Other findings included:

  • The use of legalization to address prior disproportionality in marijuana enforcement
  • The necessity of measures to mitigate the unintended negative public health consequences of legalization
  • The need to grant regulatory authority to VABC or to create a new agency to regulate the market
  • The revenue generation from taxation of commercial marijuana sales and offset of operational costs to the state through licensing fees
  • The number of jobs created by the commercial market
  • Th recognition that authorizing and implementing the commercial market may take two or more years, with revenues anticipated to far exceed operation costs to the state after implementation

The study also issued forty-six recommendations and twenty-nine policy options for consideration by the General Assembly all which may be found here.
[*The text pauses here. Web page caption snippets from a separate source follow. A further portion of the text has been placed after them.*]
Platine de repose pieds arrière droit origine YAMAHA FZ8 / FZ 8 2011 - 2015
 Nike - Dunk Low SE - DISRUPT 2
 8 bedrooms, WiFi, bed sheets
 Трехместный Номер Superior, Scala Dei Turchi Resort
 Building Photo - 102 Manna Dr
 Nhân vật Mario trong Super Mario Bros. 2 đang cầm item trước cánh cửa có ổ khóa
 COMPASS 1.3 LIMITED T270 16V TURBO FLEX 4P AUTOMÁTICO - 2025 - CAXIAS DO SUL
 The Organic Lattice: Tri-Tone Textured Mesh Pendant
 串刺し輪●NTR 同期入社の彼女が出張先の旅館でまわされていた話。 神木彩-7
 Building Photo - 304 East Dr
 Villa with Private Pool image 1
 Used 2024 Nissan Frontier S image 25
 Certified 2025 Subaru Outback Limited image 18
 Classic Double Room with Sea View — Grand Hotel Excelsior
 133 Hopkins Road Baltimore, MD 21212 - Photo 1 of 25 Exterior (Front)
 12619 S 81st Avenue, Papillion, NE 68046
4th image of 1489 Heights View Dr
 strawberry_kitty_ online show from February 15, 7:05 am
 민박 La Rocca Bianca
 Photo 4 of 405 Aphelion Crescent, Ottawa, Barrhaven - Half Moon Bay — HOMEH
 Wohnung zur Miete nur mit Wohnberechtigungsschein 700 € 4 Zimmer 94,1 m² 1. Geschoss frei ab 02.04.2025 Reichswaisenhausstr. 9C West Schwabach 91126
The Marijuana Legalization Workgroup Report

Chapters 1285 and 1286 of the 2020 Acts of Assembly mandated the creation of a work group comprised of relevant stakeholders to study legalizing the sale and personal use of marijuana in Virginia and to issue a report of its findings by November 30, 2020.  Areas discussed by the report include:

  • The legal and regulatory frameworks in other states that have legalized marijuana
  • The Virginia industrial hemp and pharmaceutical processor programs
  • Marijuana decriminalization
  • Feasibility of legalizing the sale and personal use of marijuana
  • Potential revenue impacts of legalization
  • The necessary regulatory framework
  • Potential health effects and mitigation

Additionally, the report provides a set of policy recommendations in the following areas:

  • Regulatory, industry, and licensing structure
  • Taxation
  • Banking
  • Social equity
  • Local control
  • Product regulation
  • Personal cultivation
  • Impaired driving
  • Impairment and employment
  • Health impacts
  • Consumer education/product safety
  • Allowable THC levels
  • Cannabis use disorder
  • Youth impacts
  • Prevention and education
  • Health equity
  • Clean Indoor Air Act

Both the JLARC study and the Working Group report will likely be the starting point for any proposed marijuana legalization legislation in the 2021 legislative session. Review of these documents should provide important insights to any businesses seeking to get involved in the commercial marijuana market in Virginia €“ should marijuana legalization become a reality in the Commonwealth.